Eppure, per quanto paradossale possa essere, anche l’Arabia Saudita, in quanto membro della Commissione, sarà chiamata a partecipare alla scrittura e al voto di direttive che tutelino i diritti delle donne nel mondo. Una prospettiva più che inquietante, carica di interrogativi sulla missione dell’ONU e sul futuro della difesa e dell’evoluzione dei diritti fondamentali.

Il paradosso si spinge poi fino all’interno delle nostre Istituzioni europee, nel cuore del Parlamento Europeo il quale, nel 2015, aveva assegnato il premio Sacharov proprio ad un cittadino dell’Arabia Saudita, Raif Badawi, in prigione dal 2012, torturato e frustato per aver osato, in quanto blogger, difendere la libertà d’espressione nel suo Paese.
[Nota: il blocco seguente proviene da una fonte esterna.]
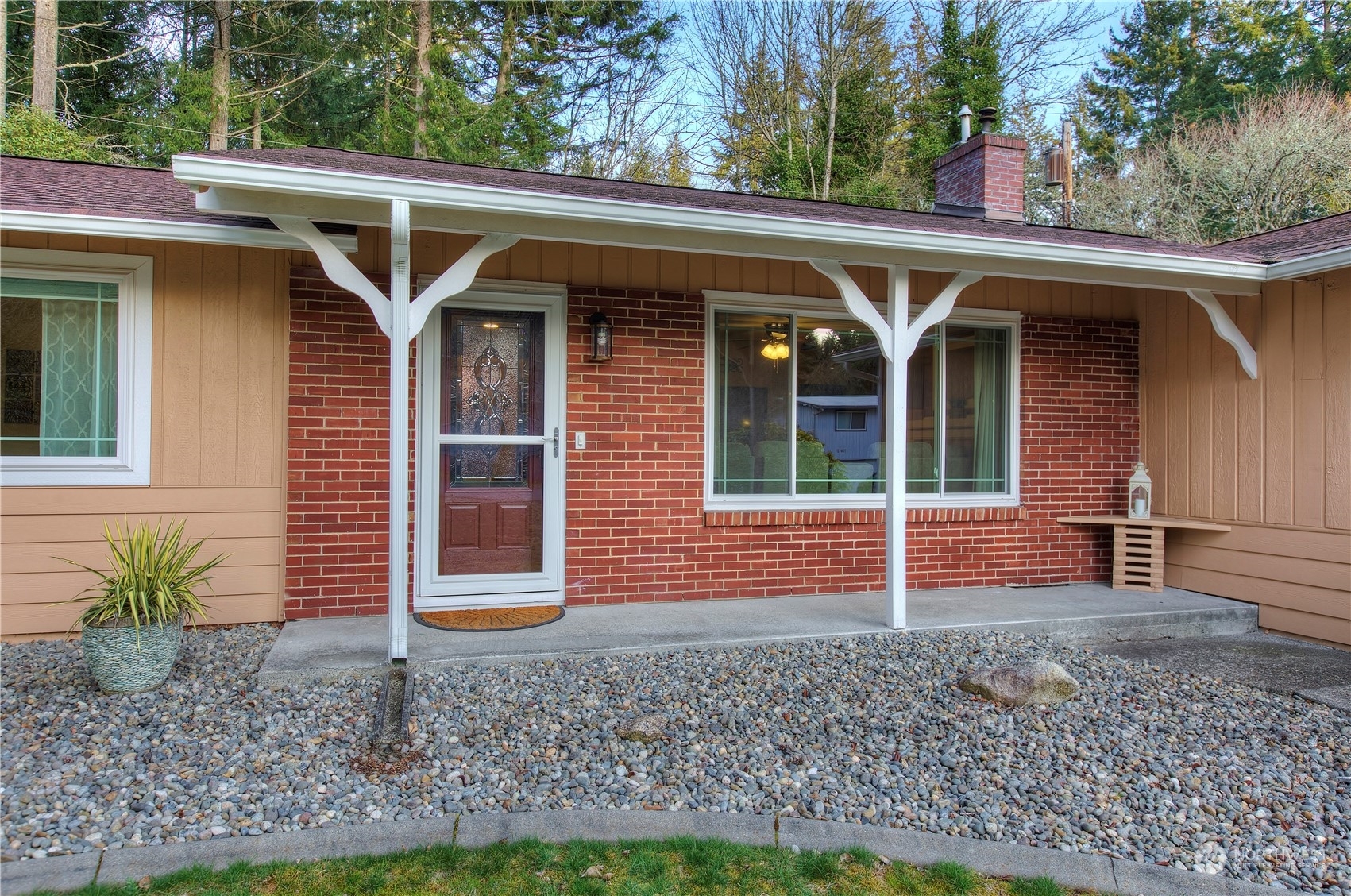 Property Photo:  10401 Glenwood Drive SW  WA 98498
Evidentemente questa elezione è il frutto di un ignobile compromesso. L’Arabia Saudita considera importante essere presente all’ONU e influenzare il processo decisionale sui diritti, cosa che conferirebbe al Paese non solo una maggiore legittimazione internazionale ma anche più libertà per scoraggiare l’opposizione interna al regime.

D’altra parte, l’Arabia Saudita è l’alleata dei Paesi Occidentali, in particolare di Stati Uniti, Gran Bretagna e Francia nella polveriera mediorientale. Importante partner economico e commerciale, soprattutto per le sue riserve di petrolio, è alleata nella lotta al terrorismo, anche se proprio l’Arabia Saudita è il principale sostenitore dei gruppi jihadisti sunniti e dell’integralismo salafita. E’ il Paese che sta guidando una guerra atroce nello Yemen, violando le più elementari regole del diritto internazionale ma diventando il principale acquirente di armi dei suoi alleati, compresa l’Italia.

Triste giorno quindi per i diritti umani e per le nostre democrazie che sembrano aver sacrificato valori sacrosanti sull’altare del profitto e del business. Per un semplice calcolo matematico, fra i 54 membri dell’ECOSOC, 12 sono Paesi dell’Unione Europea. Se 47 hanno votato a favore della candidatura dell’Arabia Saudita significa che almeno 5 erano Paesi europei. A scrutinio segreto non è dato sapere quali, ed evidentemente questi Paesi non hanno il coraggio di confessarlo pubblicamente.